Выставка в Петропавловке сосредоточена в основном на петербургском периоде Фомина. Построенное (дача Половцева на Каменном острове, дом Абамелек-Лазарева на Мойке, доходные дома в переулке Каховского, разбивка сквера на Марсовом поле) и еще больше непостроенное (мощный градостроительный проект «Нового Петербурга» на острове Голодай, монументальный конкурсный проект Николаевского вокзала, феерический амфитеатр Дворца рабочих) – это очень разные по языку, амбициям, назначению работы, но по большому счету это один текст. И там, где царит орнамент, и там, где палладианство возведено в степень, и там, где чистота классических линий способна править бал на огромной, почти плоской на первый взгляд и захламленной окнами десятков квартир стене, – везде есть соблюдение главной заповеди идеальной, по Фомину, архитектуры: это «холодная, чистая, абсолютная красота».

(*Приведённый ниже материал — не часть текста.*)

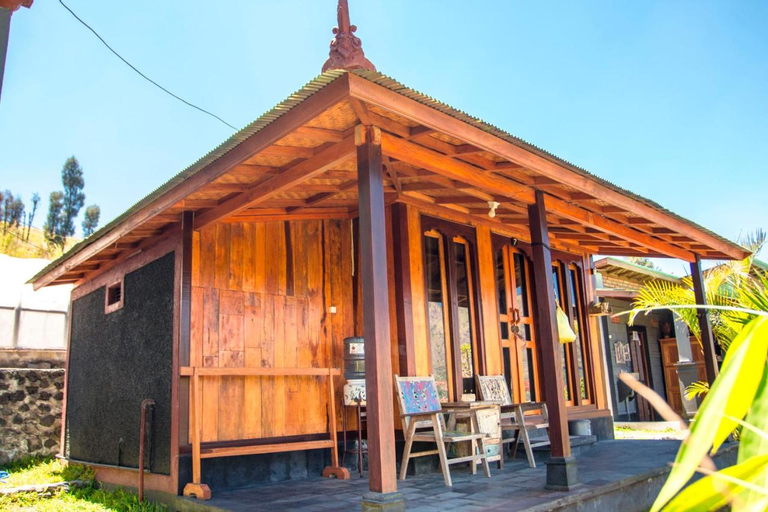 Black Lava Hostel, Bangli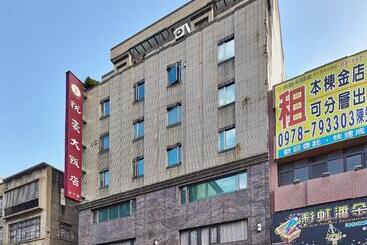 Yuhao Hotel Hsinchu Branch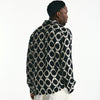 Camicia in viscosa fantasia uomo Laneus - 6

Дальше будет Москва. Будет «пролетарская классика» 1920‐х с ее «красной дорикой», будет какая-то почти пиранезиевская гигантомания проектов 1930‐х. В Музее истории Санкт-Петербурга эта часть наследия архитектора практически отсутствует и идет лишь фоном памяти знатоков. Для юбилейной выставки такая вынужденная избирательность сюжета, может быть, и недостаток. А вот для редкого вообще-то в Питере серьезного разговора о старом и новом в архитектуре – в самый раз.